De Kooning, a native New Yorker, had been creating works for much of her life but did not have her first solo exhibition until the early 1950s, at the city’s Stable Gallery, when she was in her mid-30s. Instead, she had focused on criticism, and became an esteemed writer and editor — she was one of the first critics to take note of the likes of Mark Rothko and became an associate editor at Art News in the late 1940s.

This exhibition at Stable Gallery became the first of many, and as her practice grew more distinctive, so did its public appreciation. While many of her post-war New York contemporaries, the renowned action painters that included her husband Willem, Jackson Pollock and Lee Krasner, were making physical, powerful, Abstract Expressionist works, de Kooning took this gestural style and worked it into more figurative series, often veering into portraiture. This combination of the traditional form of posed portraits with the abstraction that was so attached to the zeitgeist is a fascinating blend that gives a great insight to the cultural landscape of the post-war United States. Elaine’s often faceless representations of the male form, which ranged from anonymous basketball players to her famed commissioned images of John F. Kennedy, pervert or subvert the traditional artist-sitter relationship, and make her sitter subject to a female gaze.
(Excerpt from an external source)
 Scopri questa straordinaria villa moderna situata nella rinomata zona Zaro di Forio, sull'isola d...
The basketball players in particular almost appear as a 20th-century retroversion of Edgar Degas’ amorous, voyeuristic images of young female ballet dancers — nameless, faceless, elegant female forms drawn and painted tirelessly by a 19th-century male at the forefront of Impressionism, 100 years earlier, seeming antiquated alongside de Kooning’s expression of female power.
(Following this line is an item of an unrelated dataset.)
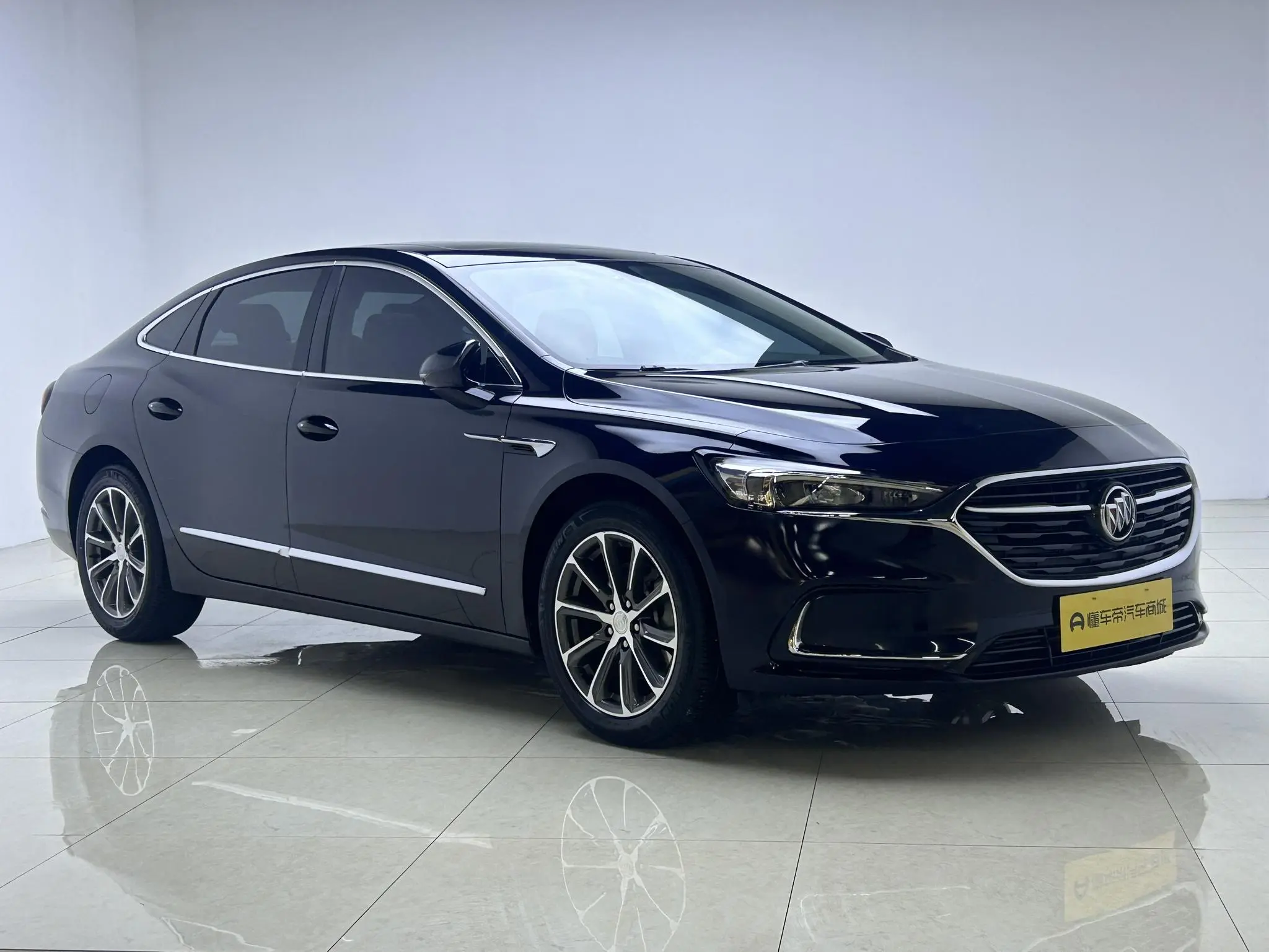 Buick Lacrosse 652T luxury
Elaine de Kooning, "Bacchus #81" (1983)

This progressiveness in de Kooning’s work is what is still recognized and appreciated today — the exhibition at the National Portrait Gallery in Washington exclusively highlights her portrait work and has been years in the making, and examples of de Kooning's work are featured in collections across the world, from the Guggenheim to the Georgia Museum of Art. “Bacchus #81,” in the collection and on display at the museum, is a mesmerizing example of many of these features, and its position at the museum is a particularly appropriate choice — de Kooning held a long and interesting history with the University of Georgia. She taught at a variety of esteemed institutions from Yale University to the Parsons New School for Design, before settling for some time as a Dodd Visiting Professor here at UGA. She held a studio on campus during this time in the late 1970s, where her artistic output was particularly fruitful. In fact, de Kooning actually began her Bacchus series in this studio at the university, as seen in production in the picture at the top of this post, following an affecting experience with Jules Dalou’s “Le Triomphe de Silene,” a violent sculpture featuring Bacchus and figures in similar forms to those in the painting, in the Jardin du Luxembourg, Paris.

“Bacchus #81” is one work in the museum’s collection of nearly 10,000 that is particularly at home. A stone’s throw away from where Elaine de Kooning began its series, it acts as a great representation of the museum’s — and de Kooning’s — contributions to the history of American art.